ENOT-AutoDL / onnx2torch

Convert ONNX models to PyTorch.
Apache License 2.0
587 stars 69 forks source link

Clip convert error: Dynamic value of min/max is not implemented #191

Open ongiaf opened 9 months ago

ongiaf commented 9 months ago

Hi, I have an onnx model. Here is one of the nodes in onnxgraph

node {
  input: "/decoder.0/layers.0/blocks.0/attn/Pow_3_output_0"
  input: "/decoder.0/layers.0/blocks.0/attn/Constant_13_output_0"
  input: ""
  output: "/decoder.0/layers.0/blocks.0/attn/Clip_1_output_0"
  name: "/decoder.0/layers.0/blocks.0/attn/Clip_1"
  op_type: "Clip"
  doc_string: "...."
}

When I tried to convert it to the torch model, it cased a KeyError:

Traceback (most recent call last):
  File "<stdin>", line 1, in <module>
  File "/root/micromamba/envs/ai-models/lib/python3.10/site-packages/onnx2torch/converter.py", line 110, in convert
    torch_module, onnx_mapping = converter(onnx_node, onnx_graph)
  File "/root/micromamba/envs/ai-models/lib/python3.10/site-packages/onnx2torch/node_converters/clip.py", line 60, in _
    raise NotImplementedError('Dynamic value of min/max is not implemented') from exc
NotImplementedError: Dynamic value of min/max is not implemented

it may caused by https://github.com/ENOT-AutoDL/onnx2torch/blob/a8b060336c8c95c51a6257a8d99171f0b86b8eab/onnx2torch/node_converters/clip.py#L60

After adding conditions

min_val = float(get_const_value(min_name, graph)) if (min_name is not None and min_name != '') else None
max_val = float(get_const_value(max_name, graph)) if (max_name is not None and max_name != '') else None

The convert can work.

ongiaf commented 9 months ago

The full onnx model can be download from here:

  1. https://get.ecmwf.int/repository/test-data/ai-models/fuxi/short.onnx
  2. ONNX External Data: https://get.ecmwf.int/repository/test-data/ai-models/fuxi/short
dsuhoi commented 7 months ago

@ongiaf Do you have any success decoding FuXi (I've been fine-tuning this model for a long time)? I recommend paying attention to this solution

ongiaf commented 7 months ago

Thanks, it's excellent work. And with some dirty work, Fuxi can successfully run on PyTorch with Onnx2Torch. In Onnx2Torch, problems are mainly about LayerNormalization and Clip.

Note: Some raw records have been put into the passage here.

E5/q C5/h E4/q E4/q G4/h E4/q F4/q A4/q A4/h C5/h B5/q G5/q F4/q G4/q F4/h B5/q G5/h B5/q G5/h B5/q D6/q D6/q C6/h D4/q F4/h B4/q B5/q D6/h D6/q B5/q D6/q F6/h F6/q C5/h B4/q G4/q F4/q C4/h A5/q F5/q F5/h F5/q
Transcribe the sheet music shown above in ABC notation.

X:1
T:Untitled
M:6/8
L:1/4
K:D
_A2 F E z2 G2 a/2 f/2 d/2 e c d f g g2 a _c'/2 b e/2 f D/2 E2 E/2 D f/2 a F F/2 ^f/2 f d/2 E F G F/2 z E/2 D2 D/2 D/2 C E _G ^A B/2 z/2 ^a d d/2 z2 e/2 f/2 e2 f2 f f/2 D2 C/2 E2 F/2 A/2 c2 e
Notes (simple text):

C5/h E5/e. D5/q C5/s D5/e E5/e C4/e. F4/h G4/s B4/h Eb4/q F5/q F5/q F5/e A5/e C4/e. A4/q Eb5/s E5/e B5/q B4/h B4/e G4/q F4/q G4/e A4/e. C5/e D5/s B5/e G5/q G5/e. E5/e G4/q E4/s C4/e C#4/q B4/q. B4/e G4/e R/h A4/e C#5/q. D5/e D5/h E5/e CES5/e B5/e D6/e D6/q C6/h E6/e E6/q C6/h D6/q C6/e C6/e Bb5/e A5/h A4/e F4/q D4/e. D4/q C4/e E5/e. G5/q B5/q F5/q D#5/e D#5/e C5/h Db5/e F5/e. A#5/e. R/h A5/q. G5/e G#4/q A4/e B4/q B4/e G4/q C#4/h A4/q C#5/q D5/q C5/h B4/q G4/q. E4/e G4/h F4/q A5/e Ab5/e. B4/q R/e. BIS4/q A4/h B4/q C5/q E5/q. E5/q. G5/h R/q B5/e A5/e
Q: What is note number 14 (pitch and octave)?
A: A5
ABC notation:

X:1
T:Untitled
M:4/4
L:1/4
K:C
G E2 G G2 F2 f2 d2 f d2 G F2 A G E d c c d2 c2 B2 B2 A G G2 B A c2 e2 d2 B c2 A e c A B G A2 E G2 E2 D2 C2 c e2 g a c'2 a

dsuhoi commented 7 months ago

@ongiaf Did you manage to run FuXi with the current weights for the fine-tuning process (I am currently thinking about how to complete the work on the model on a 1-hour grid and thought about freezing some layers except the U-transformer.) ?

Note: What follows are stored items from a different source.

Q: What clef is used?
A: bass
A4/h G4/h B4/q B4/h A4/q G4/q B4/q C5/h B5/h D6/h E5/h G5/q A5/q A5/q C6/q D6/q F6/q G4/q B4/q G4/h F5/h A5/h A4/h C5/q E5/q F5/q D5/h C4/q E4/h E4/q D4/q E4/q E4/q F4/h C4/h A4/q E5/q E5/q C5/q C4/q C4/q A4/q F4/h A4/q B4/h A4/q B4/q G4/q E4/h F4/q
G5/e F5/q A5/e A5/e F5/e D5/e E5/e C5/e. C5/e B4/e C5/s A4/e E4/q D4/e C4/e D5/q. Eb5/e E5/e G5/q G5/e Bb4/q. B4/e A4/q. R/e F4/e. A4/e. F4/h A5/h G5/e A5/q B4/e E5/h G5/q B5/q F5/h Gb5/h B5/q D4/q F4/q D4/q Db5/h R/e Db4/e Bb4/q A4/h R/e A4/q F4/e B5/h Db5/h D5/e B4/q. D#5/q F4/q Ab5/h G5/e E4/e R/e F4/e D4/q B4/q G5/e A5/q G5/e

juanqiu1 commented 7 months ago

Thanks, it's excellent work. And with some dirty work, Fuxi can successfully run on PyTorch with Onnx2Torch. In Onnx2Torch, problems are mainly about LayerNormalization and Clip.

Thank you for posting your changes about Clip. Could you also suggest how to fix LayerNormalization? Looks like the converted model has issue with torch.layer_norm call.

dsuhoi commented 7 months ago

@juanqiu1 In order for this to work with FuXi, you will need to change the onnx2torch/node_converters/layer_norm.py parameter to [1536]:

@add_converter(operation_type='LayerNormalization', version=17)
def _(node: OnnxNode, graph: OnnxGraph) -> OperationConverterResult:
    node_attributes = node.attributes

    axis = node_attributes.get('axis', AXIS_DEFAULT_VALUE)
    epsilon = node_attributes.get('epsilon', EPSILON_DEFAULT_VALUE)

    if all(value_name in graph.initializers for value_name in node.input_values[1:]):
        input_value_info = graph.value_info[node.input_values[0]]
        input_shape = get_shape_from_value_info(input_value_info)
        torch_module = nn.LayerNorm(
            normalized_shape=(1536), # input_shape[axis:], (this block!)
            eps=epsilon,
            elementwise_affine=True,
        )
juanqiu1 commented 6 months ago

@dsuhoi Thank you for hinting, there are a couple of other easy fixes (typing, etc). Did you manage to run FuXi with the current weights for the fine-tuning process Do you have any progress on that? After conversion, I loaded model into pytorch but even on A100 with FSDP enabled via accelerate. I still get CUDA out-of-memory error.

dsuhoi commented 6 months ago

@juanqiu1 Yes, I managed to start the learning process by highlighting the named_parameters() part within the last dozen UTransformer (this was enough for fine-tunning).

I used Nvidia A100 (40GB).